Now, with my WG chair hat back on (☺) I think this could be a great topic for our upcoming F2F discussion, and I am sure that once we nail the CTS planning issues we would find time to discuss this and the future work items that we might want to address in post-WOFF2 chapter.

And yes, I agree that there are quite a few gray areas where WOFF2 pre-processing may be extended but we need to clearly differentiate between the following two possible variants:

-          Removing anything that is redundant that can be reconstructed at the decoding step is fine;

-          Removing anything that is deemed unnecessary and loosing that data altogether is not (IMO, I for one would find it very hard to sell the WOFF2 as a webfont compression technology if it was making its own decision about what is needed and what’s not) – we don’t have rights to modify the data, especially if someone might consider the results to be clearly in the “derivative works” category.

Cheers,
Vlad


From: David Kuettel [mailto:kuettel@google.com]
Sent: Friday, April 24, 2015 4:33 PM
To: John Hudson
Cc: Levantovsky, Vladimir; Behdad Esfahbod; WOFF Working Group
Subject: Re: Redundant and unnecessary data (was): Transforming hmtx table

I would be strongly in favor of option 2 (preprocessing) as well, both for the reasons that Vlad mentioned, but then also given the fact that I think that we as an industry would be able to explore and iterate much faster in decoupling this from the standardization track.

In using fonttools (https://github.com/behdad/fonttools/), we have been able to explore a lot on this front, esp. in optimizing the fonts (reducing the file size) for a given target platform.

The platforms are evolving quickly as well (e.g. higher-resolution screens, DirectWrite, OpenType support, unicode-range, etc), which affect the set of optimizations that one might choose to apply.  As such, I would see it being quite challenging to build both a backwards compatible and future proof specification, and then all agree on it. :)

In regards to exploring this under the Webfonts WG charter after WOFF 2.0, or as a separate parallel effort, that sounds great!  There is a lot that we could all try, share and learn from together.

On Fri, Apr 24, 2015 at 1:27 PM, John Hudson <john@tiro.ca<mailto:john@tiro.ca>> wrote:
Vlad wrote:

> I think we need to clearly distinguish two cases:
1) taking a font file as an input into WOFF2 compressor squeezing as much redundancy out of it and, on the other end, having a decompressor produce a fully functional and 100% equivalent (although not binary matching) font file to use, and
2) taking a general purpose font file and transforming it into a different, stripped down version of the font file where certain info that was deemed unnecessary for webfont use case had been stripped (thus producing a font file that I would consider to be an input font file for WOFF2).

I believe that Adam's proposal describes option 2) preprocessing step, where a font file would be optimized for web use but remains for all intent and purposes a generic input font file as far as WOFF2 is concerned.

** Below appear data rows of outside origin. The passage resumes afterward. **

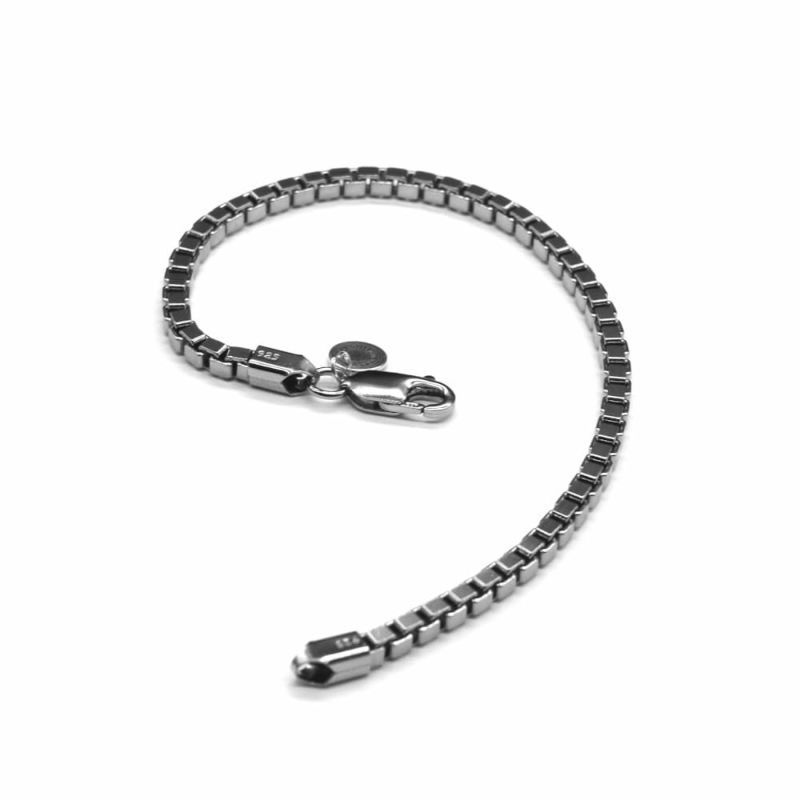 LION HEART“for Gift”ベネチアンブレスレット　シルバー925 for Gift”ロイヤルベネチアンブレスレット/シルバー925【LION
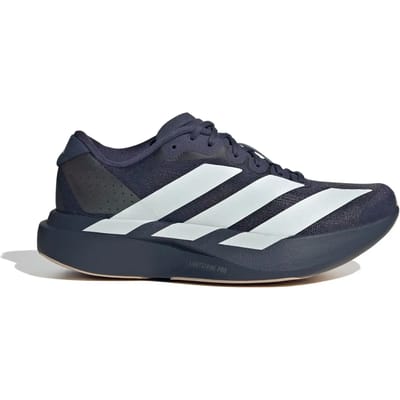 Adidas Adizero EVO SL Kindersneakers - Blauw - Maat 39 1/3 - Mesh/Synthetisch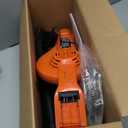 BLACK+DECKER 20V MAX* Cordless Sweeper with Power Boost, Leaf Blower with Battery and Charger (LSW321)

I would argue that 2) is outside of WOFF2 scope since any font vendor can pre-process and optimize their fonts for web use as part of the font production process (we certainly do it at Monotype). Yet, this is not for the WOFF2 encoder to decide what portions of the font data can be lost and never need to be recovered - while the WOFF2 process is not going to produce a binary match we do strive to preserve every bit of font functionality presented to WOFF2 as input.

I entirely agree that the second case, which is what Adam was proposing, is out of scope of the WOFF2 spec. My question was whether it is out of scope of the Webfonts WG if the charter were extended beyond WOFF2.

I also agree that the two cases need to be clearly distinguished. But I am not sure that they are or, that there might not be grey areas between the kind of optimisation that might be done to prepare a font to be made into a webfont and the kind of optimisation that might be done while making into a webfont. The cached device metrics tables would seem to me to be in this grey area, in that -- in the environments in which webfonts are deployed -- the stripping of those tables would not affect the functional equivalence of the decompressed font file.

It is obviously within our remit to make decisions about that grey area, to push things in it one way or the other. But having lived with non-standard glyph processing and line layout behaviours for twenty years, I can't help wondering what happens to the things that get pushed into the 'higher level protocol' category. :)

J.

Received on Monday, 27 April 2015 13:36:01 UTC